Potem powrót do Myken i oj, co się nie działo. Potwory dawały się we znaki, a w ostatnim epizodzie to się kurczowo trzymałem mojego miasta; sorry, sojusznicy, ale musiałem was zostawić aby te potężne ataki z Thery i Syrakuz odpierać; czy to wojskiem, czy Talosem z pomocą Ateny, czy prośbami do Zeusa o unicestwienie armii. Tak szczerze to był to chyba pierwszy raz, kiedyś usłyszałem jego tekst gdy zostanie przywołany do miasta!
Jak widać na mapce, Mykeny nie są piękne, ani bogate, ale biorąc pod uwagę jaką szaloną jazdą była ta misja, to się nawet nie kłopotałem z upiększaniem
Potem zagrałem we własną misję -
Ród Pteleusa - gdyż testy prowadzę na Herosie, tak więc tej misji na Bogu nie widziałem. No to siup!
Pierwszy epizod; za duża rozbudowa (chyba nigdy się nie nauczę!), problemy z kasą, potem wujek się zezłościł, miasto najechał i zburzył - restart!

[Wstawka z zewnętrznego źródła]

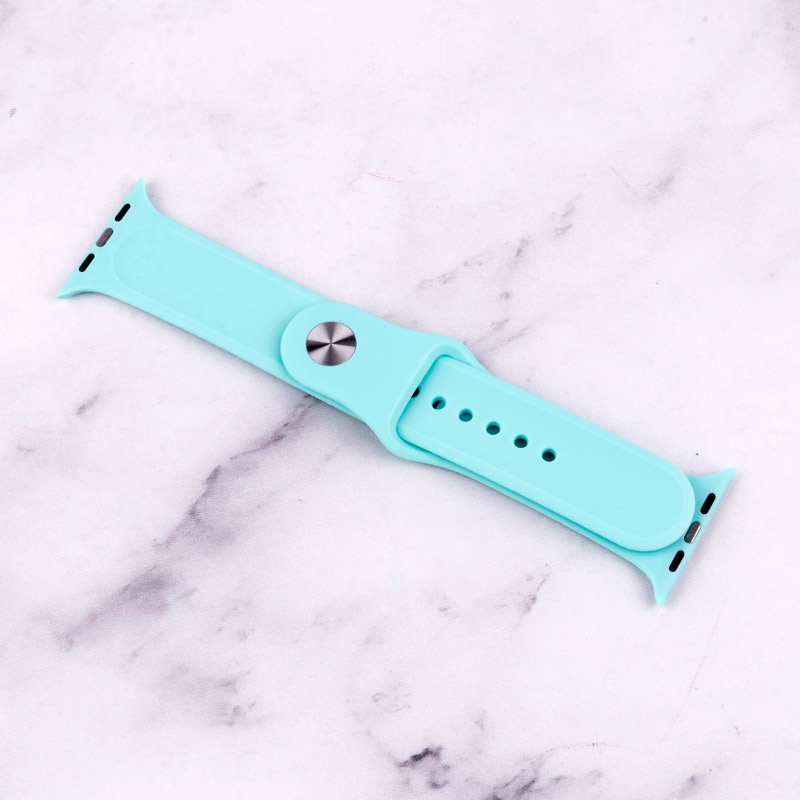 بند سیلیکونی اپل واچ 45mm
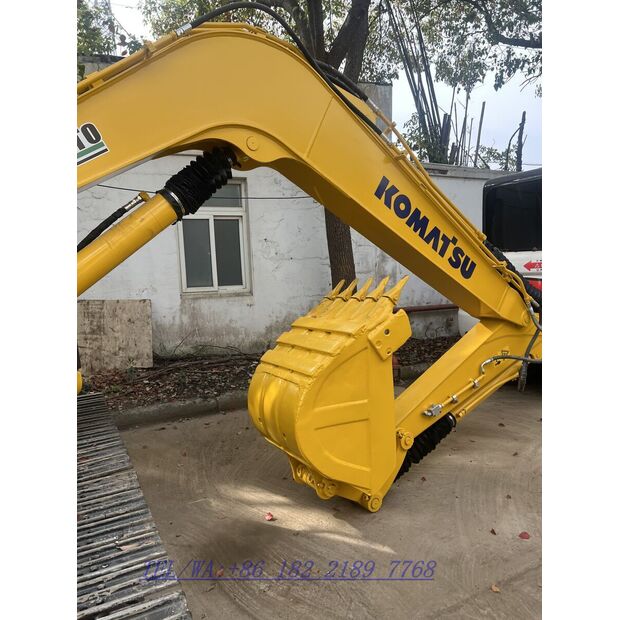 2023 كوماتسو PC60-8-42493518
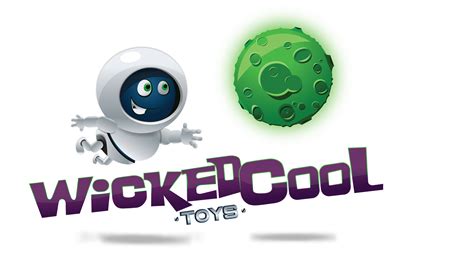 Wicked Cool Toys commercials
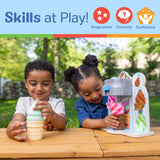 Swirl and Serve Ice Cream Play Set S2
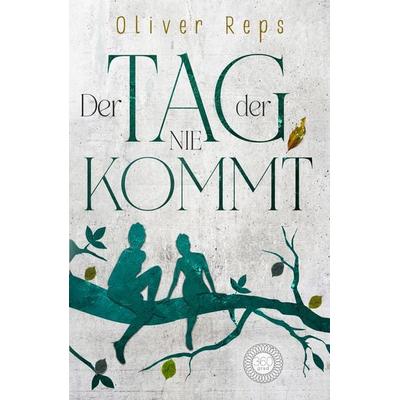 Der Tag, der nie kommt, Gebundene Ausgabe von Oliver Reps, 360 Grad Verlag GmbH
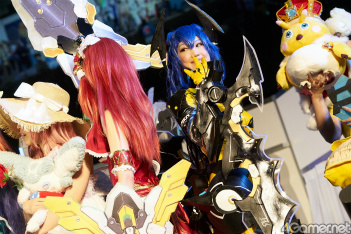 ꡼ No.113 | ֥եƥХ2016ץեȥݡȡPSO2ץץեȥƥȤ侮ӹҤΰ饤֡ץ쥨ꥢ򻣱ƤƤ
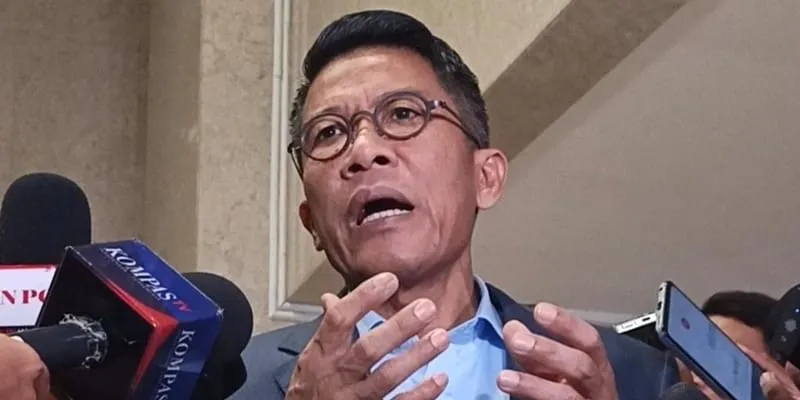 Komisi XI DPR: APBD Harus Terwujud dalam Pelayanan Publik yang Dirasakan Warga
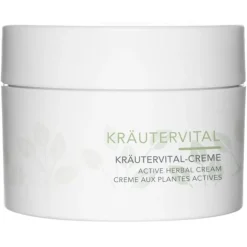 Kräutervital Kräutervital Creme von Charlotte Meentzen
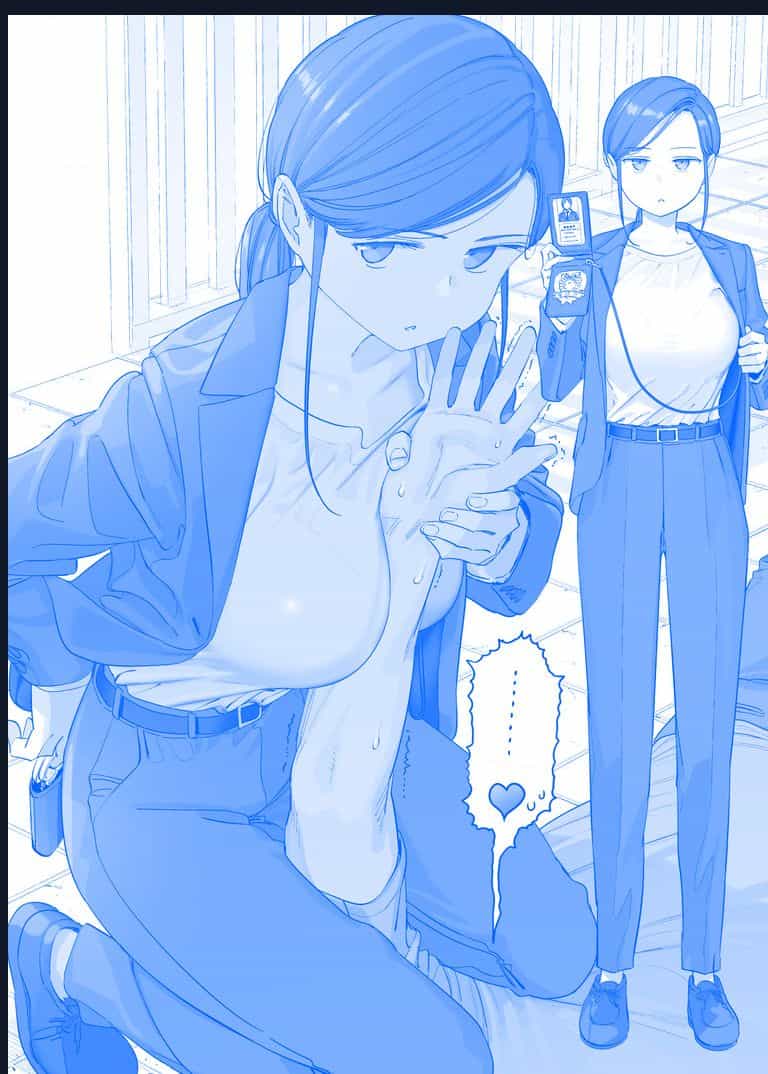 Tawawa On Monday - Art Every Monday - Chuong 492 - ảnh 25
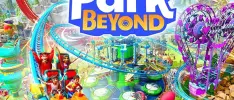 Review – Park Beyond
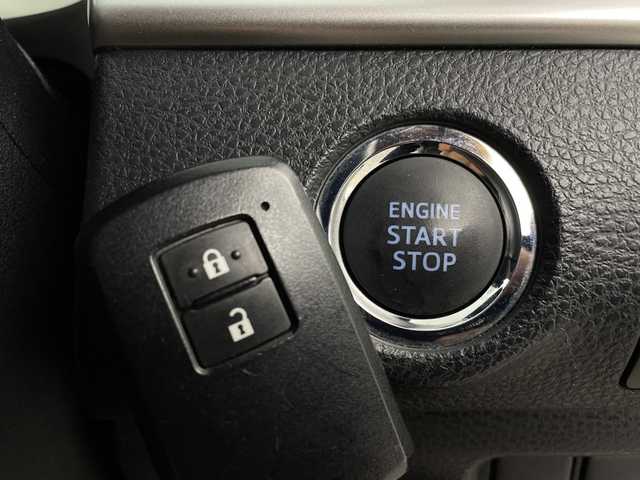 トヨタ ハリアー エレガンス 新潟県 2017(平29)年 5.9万km スパークリングブラックパールクリスタルシャイン モデリスタフルエアロ/社外ナビ/　　フルセグ/CD/SD/BT/バックカメラ/レーダークルーズコントロール/LEDオートライト/オートハイビーム/ハーフレザーシート/アイドリングストップ/スタッドレスタイヤ車載/スマートキー/ビルトインETC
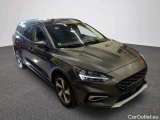  Ford  Focus  Turnier Active 1.5 EcoBlue 88KW AT8 E6d #13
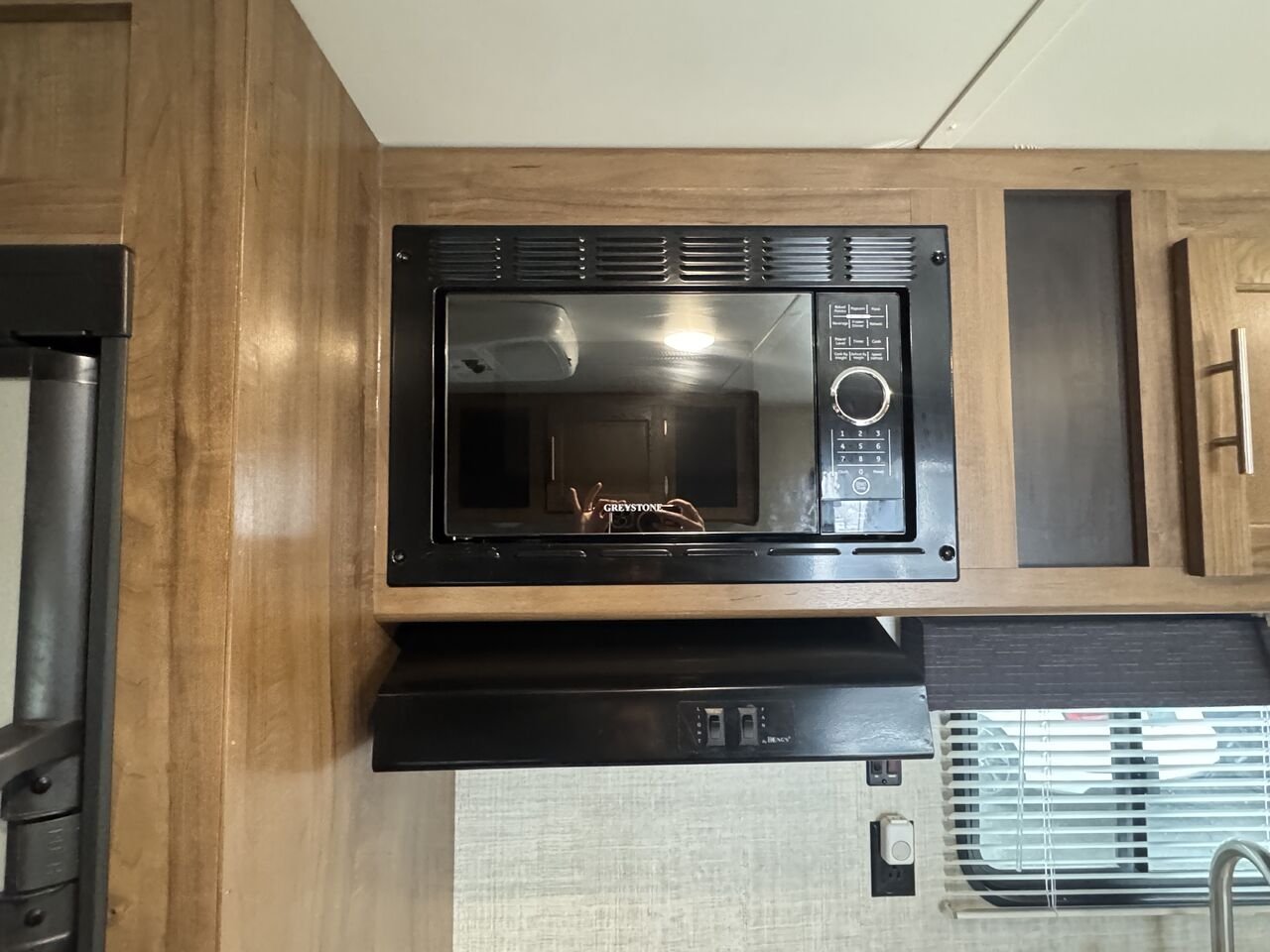 GRAND RIVER 267BH. BUNKHOUSE ULTRALITE SERIES 2019 Blanc Granby - photo #25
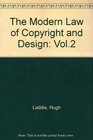 The Modern Law of Copyright and Designs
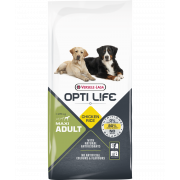12,5 kg Opti Life Adult Maxi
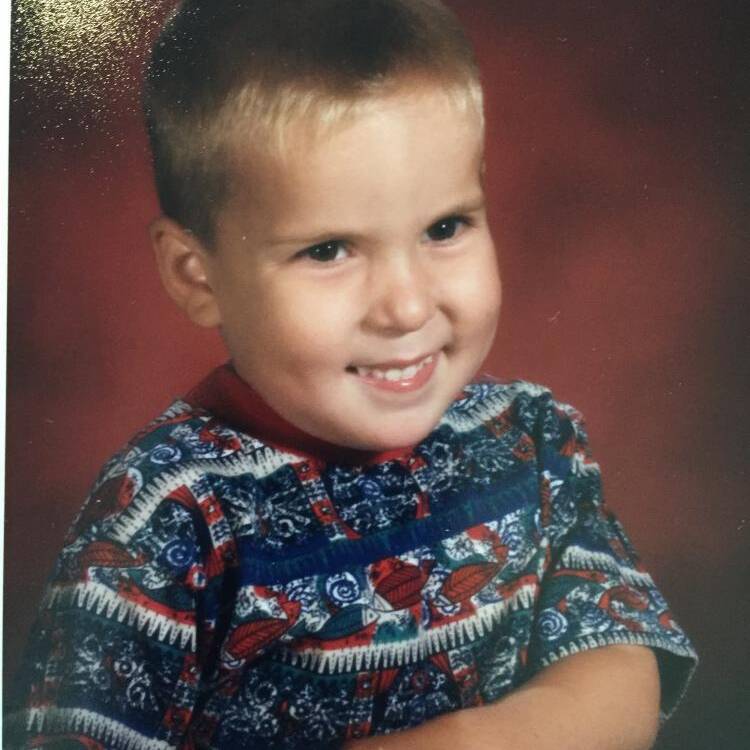 Foto de perfil de ReidBray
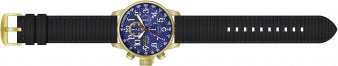 Ρολόι Invicta I-Force 1516 Quartz 46mm - Ανδρικό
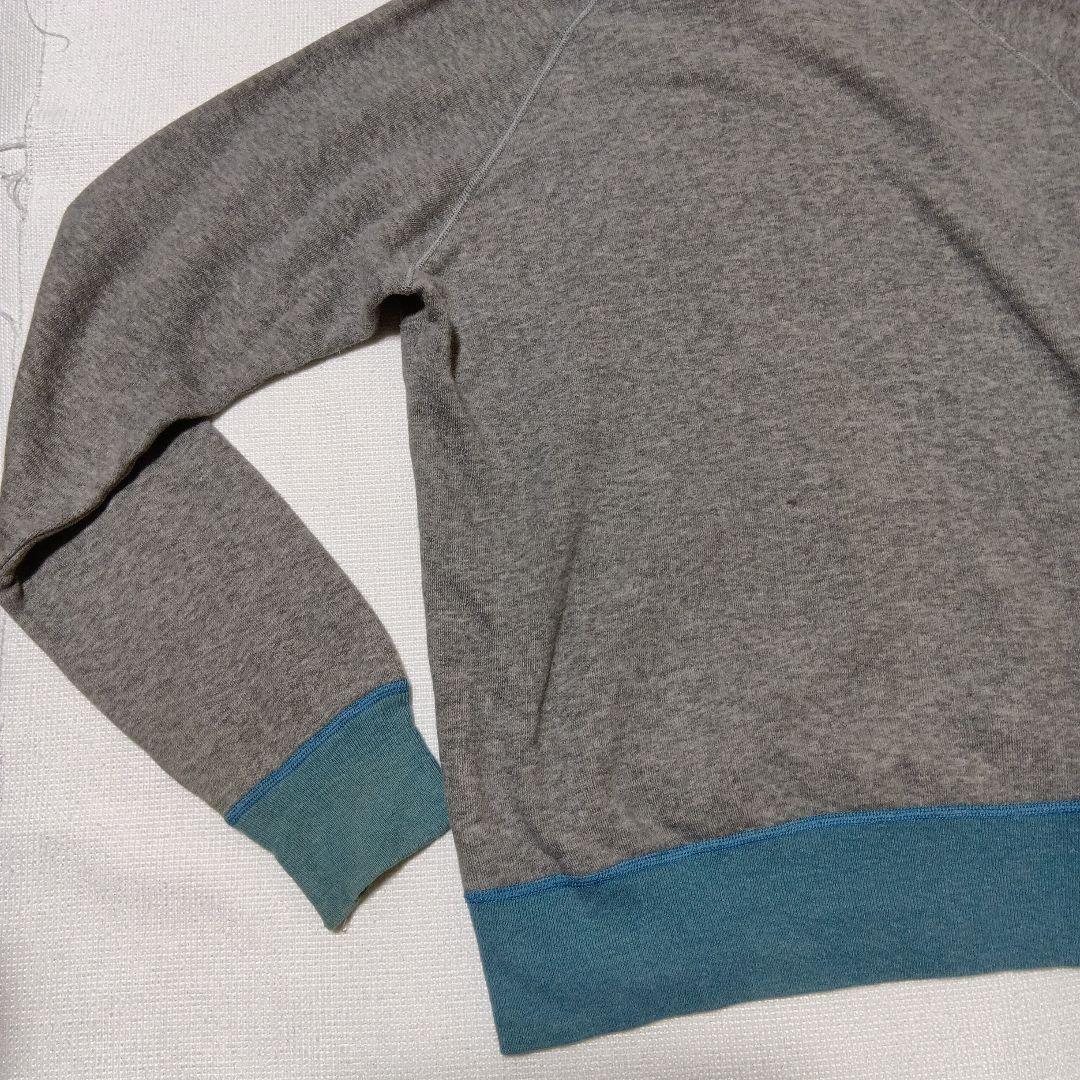 HYSTERIC GLAMOUR★ヒステリックグラマー★灰★パーカー★男女兼用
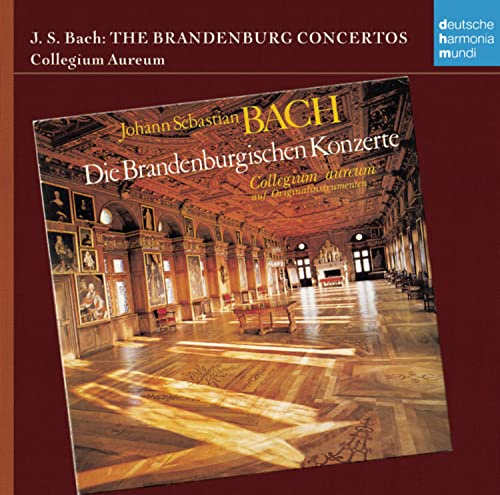 Brandenburgische Konzerte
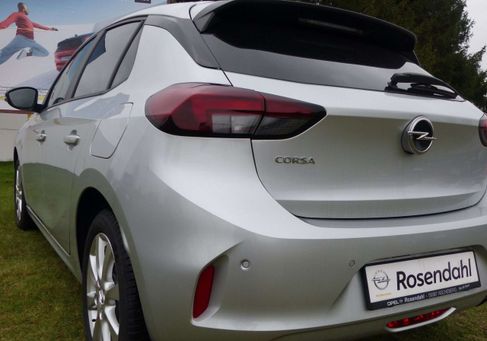 Opel Corsa, 2022 3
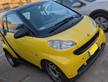 Smart ForTwo 1000 coupé passion (45 kW)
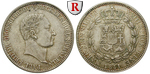 90650 Paul Friedrich, 2/3 Taler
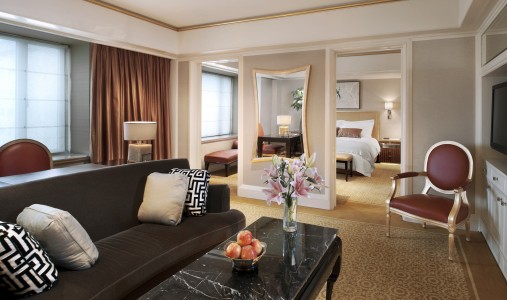 The St. Regis Beijing - Photo #5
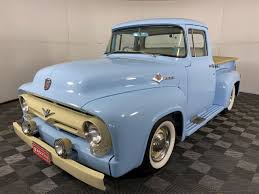 Classifieds for 1969 ford f100. 1956 Ford F100 351 V8 Pickup Auction 0001 50006080 Grays Australia
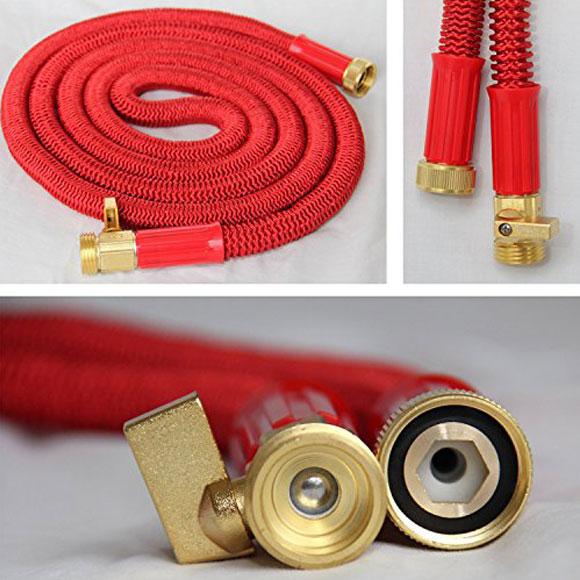 Furtun extensibil de gradina Magic Garden Hose 45 M / 60 M - 1 | YEO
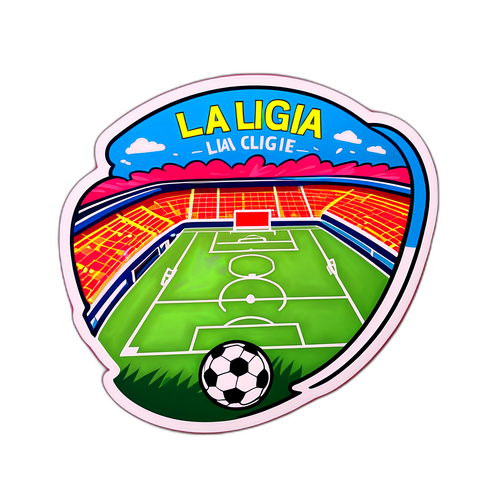 La Liga, wo Träume wahr werden
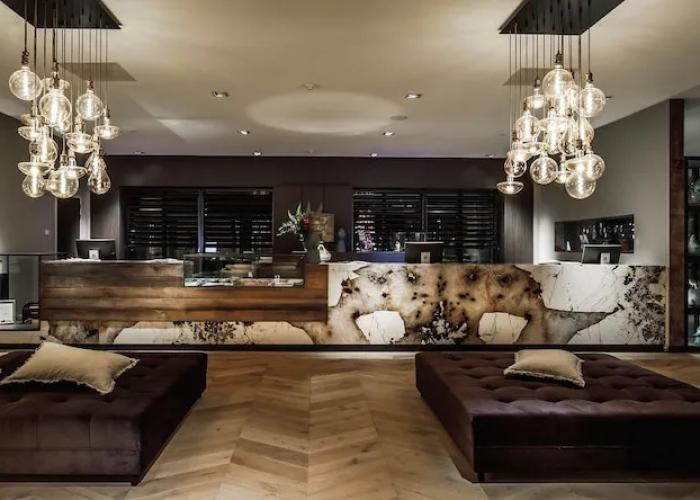 Van der Valk Hotel Apeldoorn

Za drugim razem ostro rzucałem darami i o dary prosiłem, a prośby wujka o daniny, towary czy wino na uroczystości niekiedy prawie na styk udało się spełniać. Kiedy udało się wybudować porządną dzielnicę elit, była już kasa i wojownicy, i na tą chwilę było już z górki.
Na kolonię zdecydowałem się wybrać Lebedus - to ciasna kolonia gdzie nie ma zbyt wiele surowców na budowę prawdziwej machiny wojennej. Braciszek ostro dawał się we znaki, ale gdy miałem pobudowane już świątynie, mogłem się zabrać za Chimerę, zadania od bogów, a potem dwa wrogie miasta. Po około 20 latach w Lebedus, dzielny Finus (z moją pomocą) pokonał brata i powrócił do miasta macierzystego jako król!
Następne epizody szły całkiem szybko; pomimo utraty partnerów handlowych oraz kataklizmów, miasto cały czas było na plusie, i na koniec udało się stworzyć magiczny kleik dla najnowszego władcy Pteleus. Misja zakończona!